– Признание центрального характера лингвистического компонента всеединства – трактовка имени и слова как универсальной основы «всего» и попытка описывать имя и слово (язык) на той же универсальной основе парадигмы всеединства, что и другие области бытия, и даже внутреннее устроение Самого Абсолюта;
– Значимость лингвистической компоненты всеединства, факт пронизанности «всего» именем и словом связывается с тем, что прообразом имени и именования признается Имя Божие, которое «проницает собой все» – содержит в себе все имена;
– Стремление распространить на трактовку языка (слова, имени) осмысление духовного опыта имяславия;
– Рассмотрение языка (слова, имени) в максимально широком экзистенциальном и понятийном – теоанропокосмическом – контексте (Бог, человек, мир);
– Рассмотрение человеческого слова и имени только как момента и образа более широко трактуемого слова и имени;
– Онтологизм и реализм в понимании природы языка (слова, имени);
– Энергетическая трактовка природы имени (слова, языка);
– Опора на общую лингвофилософскую традицию – учение о языке Платона, Гумбольдта, Потебни [Постовалова 1995: 379–381].

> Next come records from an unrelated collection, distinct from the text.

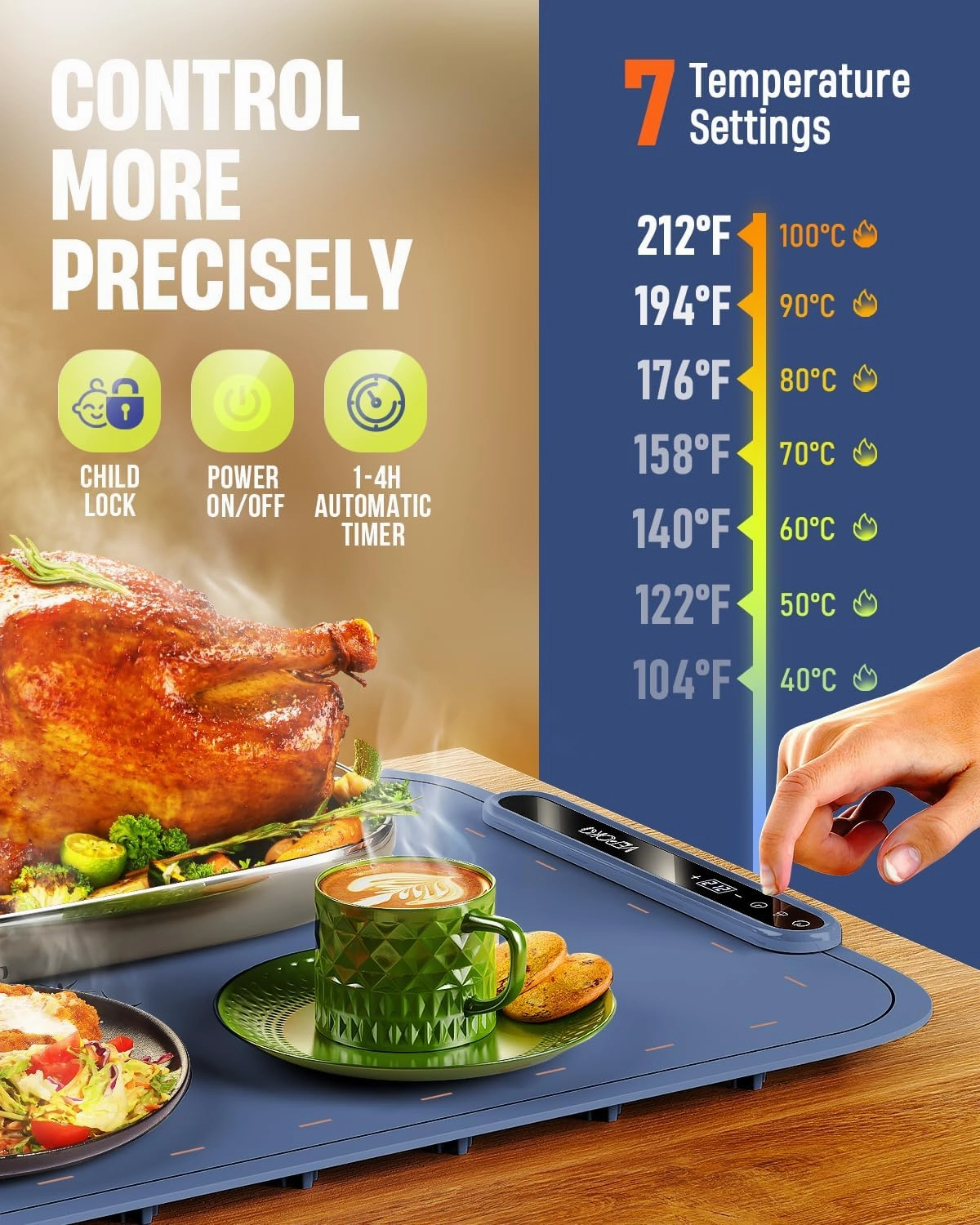 Food Warming Mat for Buffet, VEPOKA Food Warming Mats for Countertop, Silicone Heating Mat with 7 Temperature Levels& Auto Shut-Off, Food Warmers for Parties, Gatherings, Everyday Use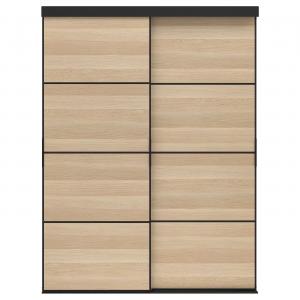 Раздвижная дверь комбинация SKYTTA/MEHAMN IKEA, 152x205 см, цвет black/double sided white stained oak effect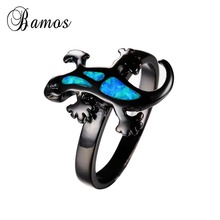 Punk Style Gecko Shape Blue Fire Opal Ring Black Gold Filled Wedding Party Engagement Rings For Women Men Bijoux Newest RB0926 2024 - buy cheap
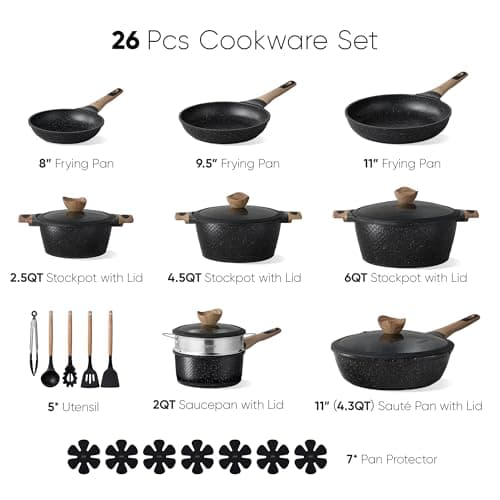 CAROTE 26PCS Pots and Pans Set Non Stick, Cookware Set Pots and Pans Induction Cook Ware, Nonstick Kitchen Cooking, PFOA Free, Black view 2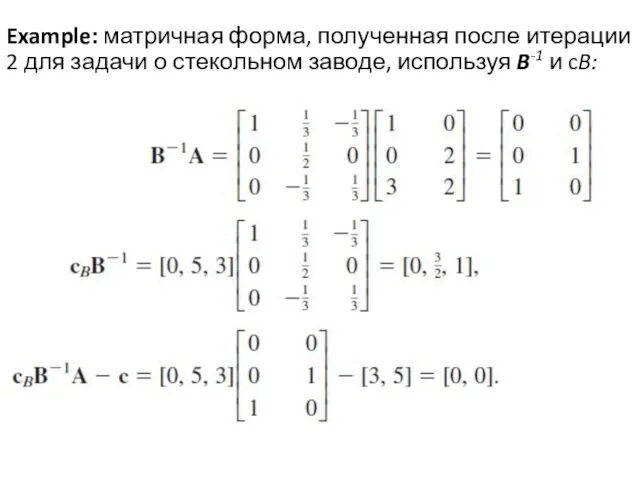 Example: матричная форма, полученная после итерации 2 для задачи о стекольном заводе, используя B-1 и cB: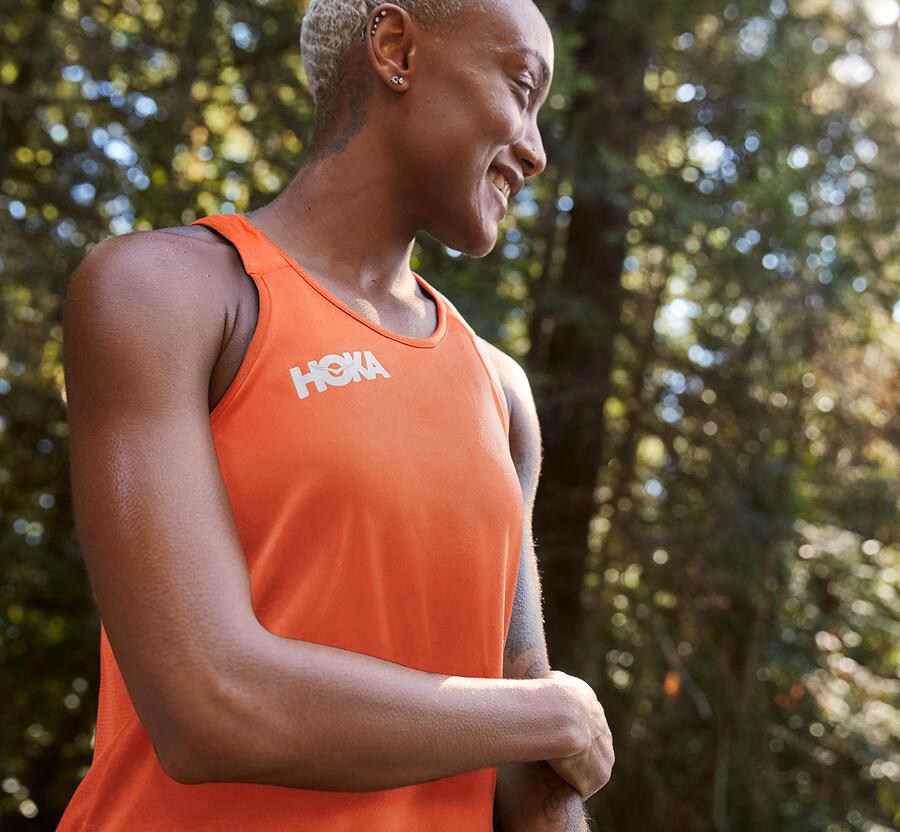 Hoka One One Performance Tank Top Dam - Orange - YNDZH-8754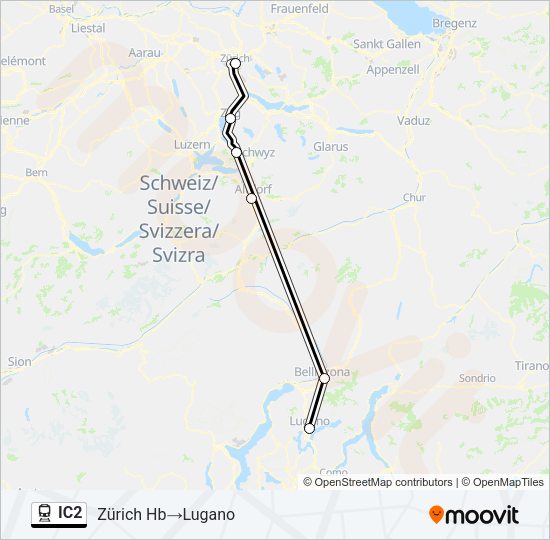 IC2 Train Line Map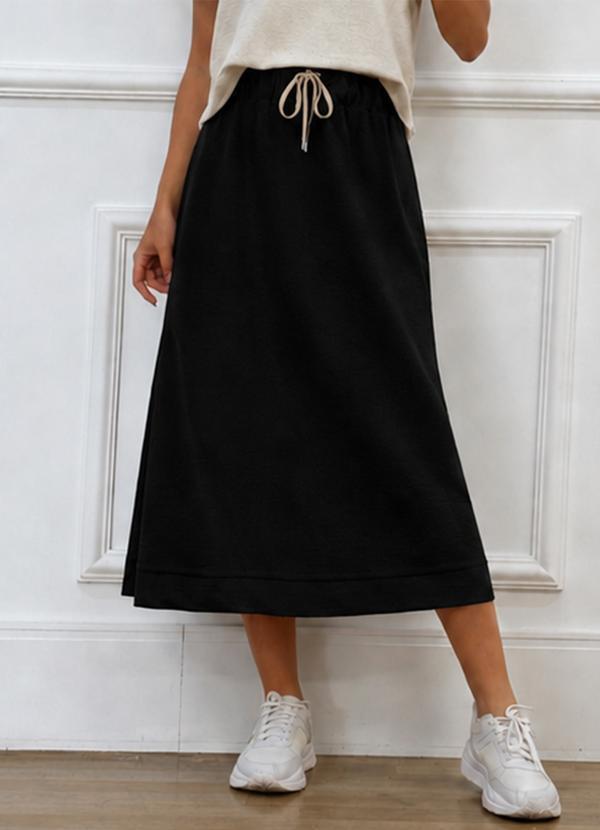 Saia Midi Caimento LevePreto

Итак, русская традиция наиболее явным и систематическим образом демонстрирует «языковой поворот» в гуманитаристике начала XX в. Н. К. Бонецкая предпочитает говорить даже не о «повороте», а о «скачке» в русском философском языкознании, замечая: «На рубеже XIX–XX веков представление о знании перерождалось. Такой реакцией на позитивизм были и труды Флоренского, а также близких ему крупных философов С. Н. Булгакова и В. Ф. Эрна; отчасти примыкал к ним молодой Лосев. Именно этот переход – от знания позитивного к знанию глубинному – мы имеем в виду, когда говорим о скачке, который претерпела русская мысль. Отразился он и в философии языка» [Бонецкая 1995: 259].
В русской духовно-филологической традиции языковой поворот принял форму поворота к Логосу. Вероятно, именно поиски «глубинного знания» являлись чертой, отличающей П. Флоренского, А. Белого, Г. Шпета, М. Бахтина, А. Лосева от магистральной линии «языкового поворота» за рубежом (впрочем, проблески такого подхода встречаются даже у таких «строгих» языковедов, как Л. Витгенштейн и Э. Гуссерль). Данная традиция – еще не до конца осознанная и едва описанная сейчас – могла бы получить название «глубинной семиотики», или «семиотики внутреннего человека», отражая основной вектор изучения языковых явлений – вовнутрь, к глубинным структурам языка. Верно, на наш взгляд, предположение о том, что «философия имени» дала «импульс языкознанию будущего – науке, которая пересмотрит свои посылки, движимая стремлением ответить на законнейшие вопросы, стремящаяся к последней глубине, доступной знанию» [Там же: 278]. Обращение к реанимированному понятию логоса / Логоса способствовало нахождению ответов на вопросы, которые уже не могла разрешить позитивистская парадигма в языкознании и философии.
* * *
Соотношение мысли, сознания и языка стало, наверное, главной проблемой философии языка и научного языкознания 1910—30-х гг. (см. сборник [Langage et pensée 2008]. Будучи заявленной в работе А. А. Потебни «Мысль и язык», эта проблема получила освещение в трудах П. А. Флоренского «Мысль и язык», А. Белого «Мысль и язык (философия языка A. A. Потебни)», Л. С. Выготского «Мышление и речь», А. Р. Лурия «Язык и сознание», а также в работах французских ученых Ж. Пиаже «Речь и мышление ребенка» и Ф. Брюно «Мысль и язык» и т. п. Параллельно в зарождавшейся на тот момент официальной советской лингвистике также возникал интерес к соотношению мышления и языка, выразившийся в книге Н.Я. Марра «Язык и мышление», одноименных сборниках под его редакцией и, наконец, в названии главного советского научно-исследовательского института языкознания (Институт языка и мышления им. Н. Я. Марра). На взаимовлиянии языка и сознания строится и возникающее в то время гипотеза Сэпира-Уорфа. Отчего на совершенно различных научных и идеологических платформах возник вдруг интерес к подобным темам?
По замечанию В. В. Бибихина, называющего этот поворот «новым номинализмом», «прежнему, показавшемуся слишком наивным отнесению слова к вещи был положен конец. В языке увидели прослойку между субъектом и миром, привязка слова к вещи стала делом мысли» [Бибихин 2002: 22]. С равным успехом данный поворот можно было бы назвать и «новым реализмом»: вещам заново возвращался их идеальный смысл; слово, в свою очередь, приобретало атрибуты вещи (ср. с гуссерлевским «Назад, к самим вещам!» и в то же время у Флоренского – «Слово есть сама вещь»). Скорее всего, и то и другое верно: новый реализм вполне уживался с движением к новому номинализму.